To all UMHB Building Occupants
Asbestos is a mineral that was commonly used in the early 1900s to the 1970s in a variety of building construction materials and is durable, is fire retardant, resists corrosion, and insulates well. Asbestos was banned (for new applications) by the Environmental Protection Agency (EPA) in the 1970s. The State of Texas requires building owners to notify building occupants of the presence of asbestos in the work place. Notification at UMHB will be accomplished annually and the notice will be posted on the Safety Department site.
Associated Health Risks
Asbestos Containing Material (ACM) that is in good condition does not pose a health risk. ACM becomes a problem when, due to damage, disturbance, or deterioration over time, it releases fibers into the air. If inhaled or ingested, asbestos fibers can cause serious health problems, including asbestosis, lung cancer, and mesothelioma. Therefore, the EPA has recommended that ACM either be removed (if significantly damaged or during renovation projects), or be managed in place through periodic inspections and prompt repair when damage is noticed.
Asbestos surveys have been conducted in university buildings (i.e pre-1980) to identify locations where ACM is present. A spreadsheet was created listing all surveys, all ACM identified, and all abatements (removal) conducted. An Asbestos O&M Manual was created to provide guidelines for maintenance of ACM in good condition until removal becomes necessary. The O&M Manual is located at the Campus Planning office in the Curtis Mansion building and is available for review during business hours.
Asbestos in the Workplace
To avoid exposure, it is important to
- Know what types of materials may contain asbestos,
- Avoid any damaged areas, and
- Contact the Asbestos Program Manager (APM) when damage is discovered.
Common applications of asbestos in buildings include:
- sprayed-on fireproofing, soundproofing, or thermal insulation;
- acoustic plaster soundproofing or ceiling tiles, pipe insulation, cement asbestos (transite);
- floor tile and mastic; and
- linoleum and backing.
Buildings built from 1950-1970 typically contain some ACM, but not all of them contain asbestos. The university’s management plan pinpoints ACM and its locations throughout the university.

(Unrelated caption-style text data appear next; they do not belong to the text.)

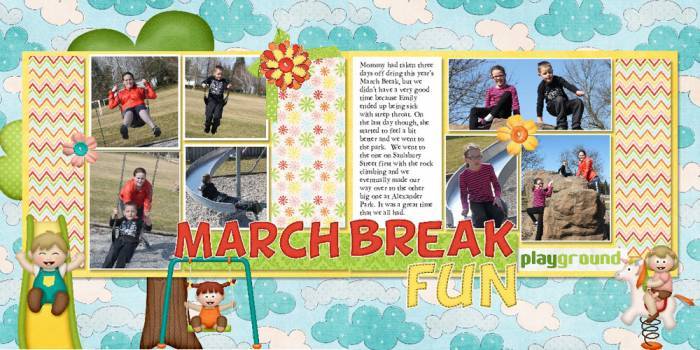 March Break Fun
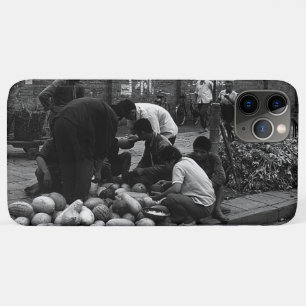 Capa Para iPhone 11 Pro Max Vendedores do mercado de Changsha da China antiga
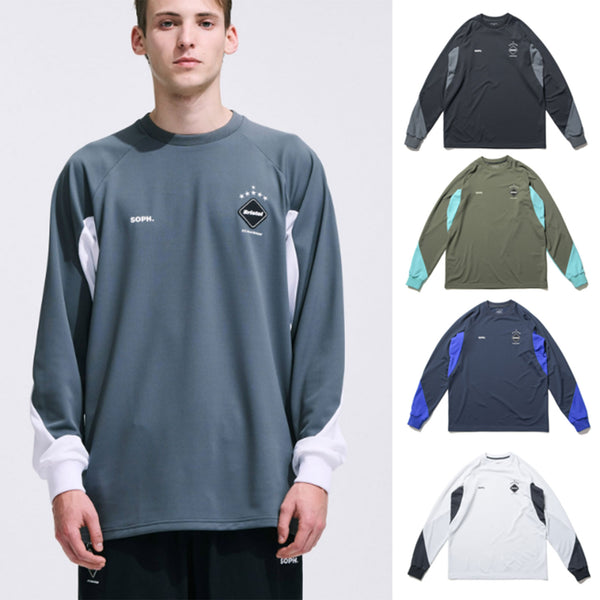 F.C.Real Bristol 24S/S STREAM LINE L/S TOP [ FCRB-240024 ] cotwo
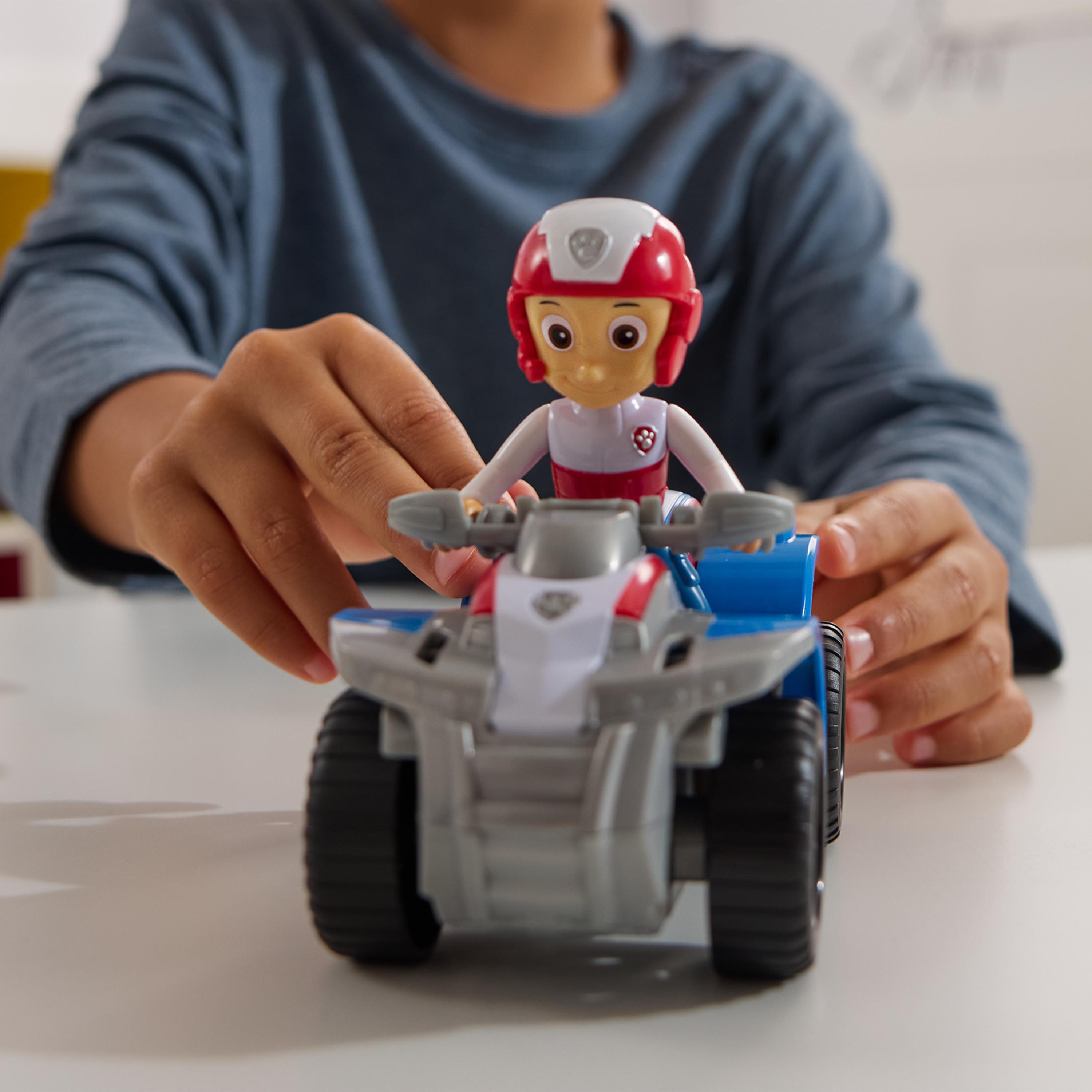 Paw Patrol - Rettungs-Quad mit Ryder Spielfigur, Spielfahrzeug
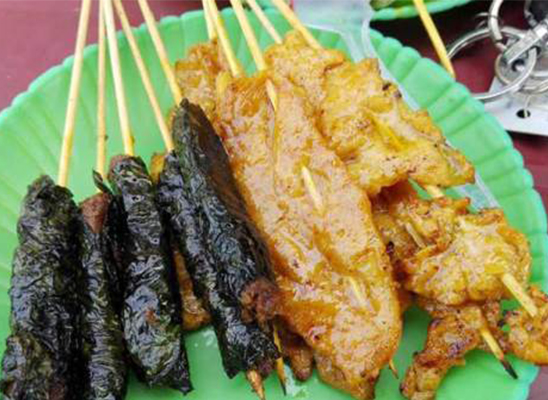 Xiên Nướng - Quảng Trường 1 Tháng 4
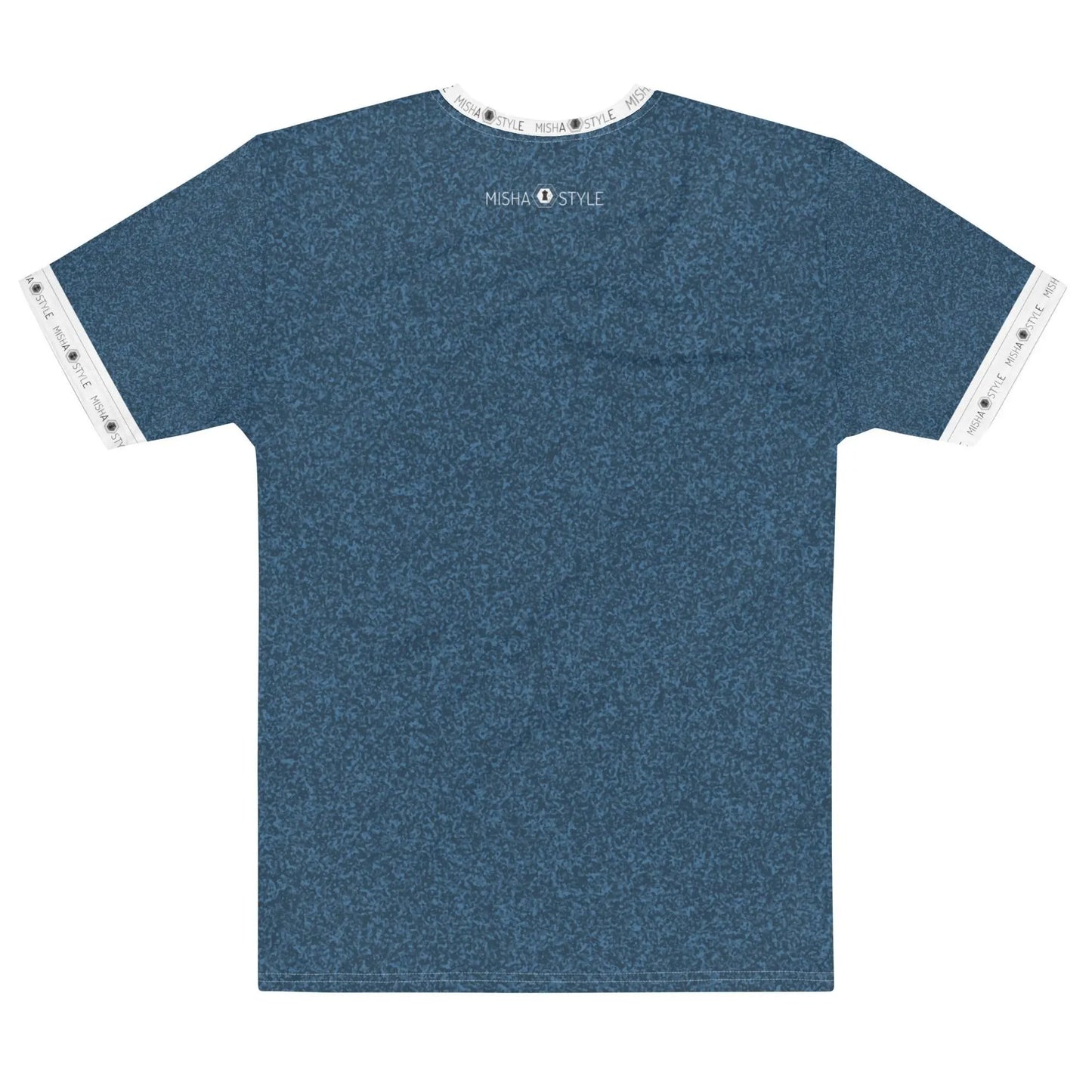 Unique Air Japanese Indigo Men T-Shirt - IVORYNN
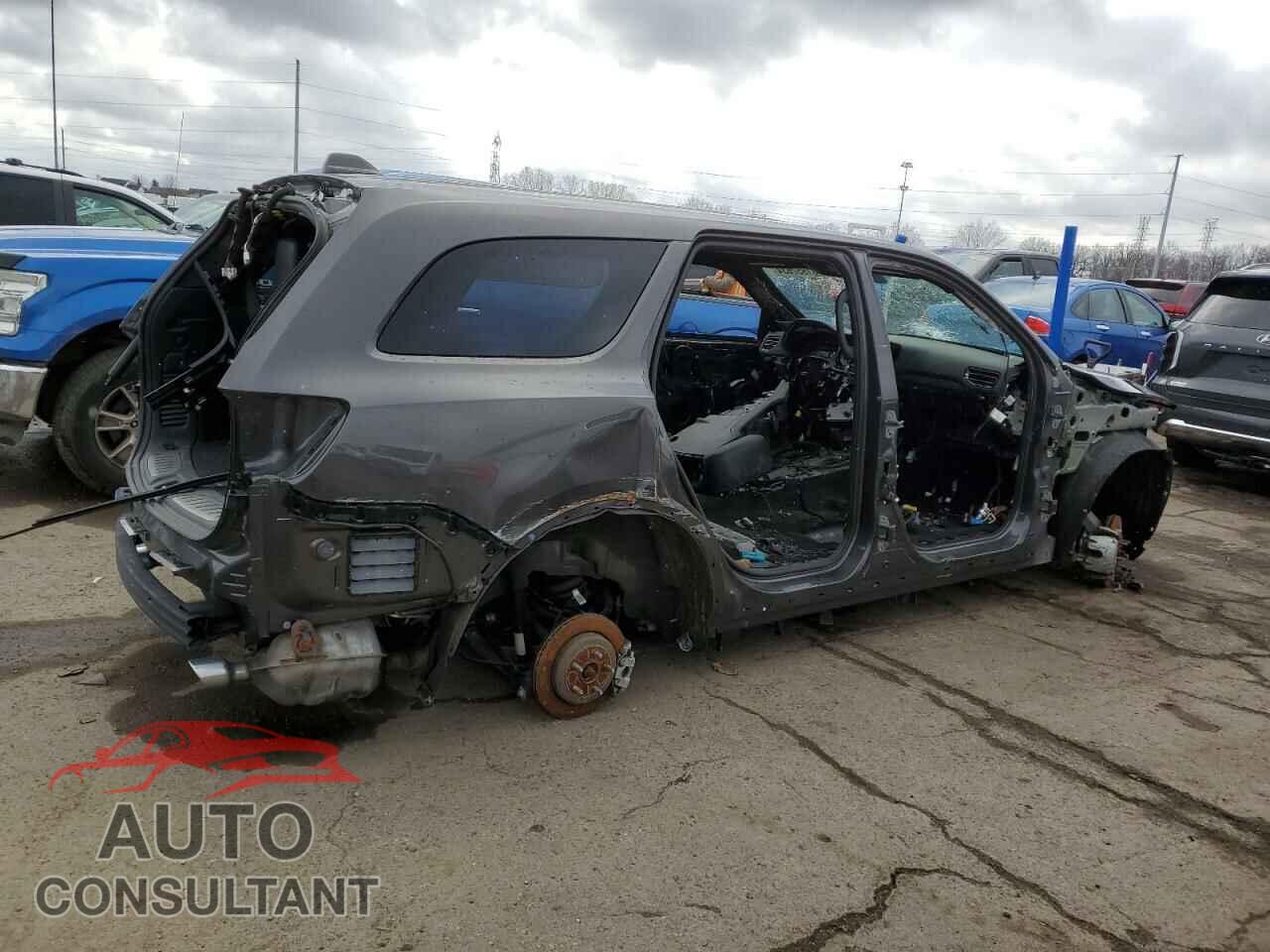 DODGE DURANGO 2021 - 1C4RDJDG7MC575774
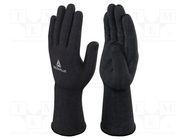 Protective gloves; Size: 9; high resistance to tears and cuts DELTA PLUS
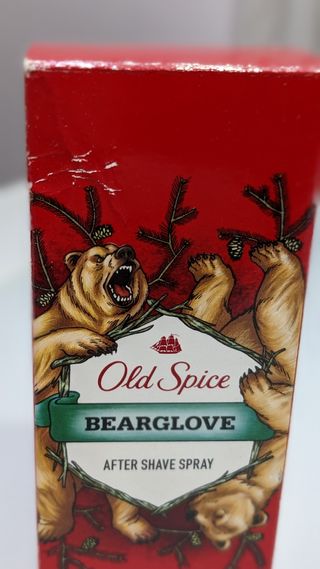 Old Spice "Bearglove"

To prevent potential release of asbestos fibers, employees must avoid:
- drilling, cutting or perforating materials;
- hanging items from insulation or ceiling tiles;
- disturbing or damaging material while moving or transporting items;
- storing items on top of insulated pipes; and
- using brooms, dry brushes, or standard vacuums in the vicinity of damaged insulated pipe.
Asbestos is maintained if it is in good condition and is removed if necessary by a certified contractor during remodeling or demolition projects. Always contact the Asbestos Program Manager (APM) prior to disturbing known or suspect areas and immediately concerning any damaged areas.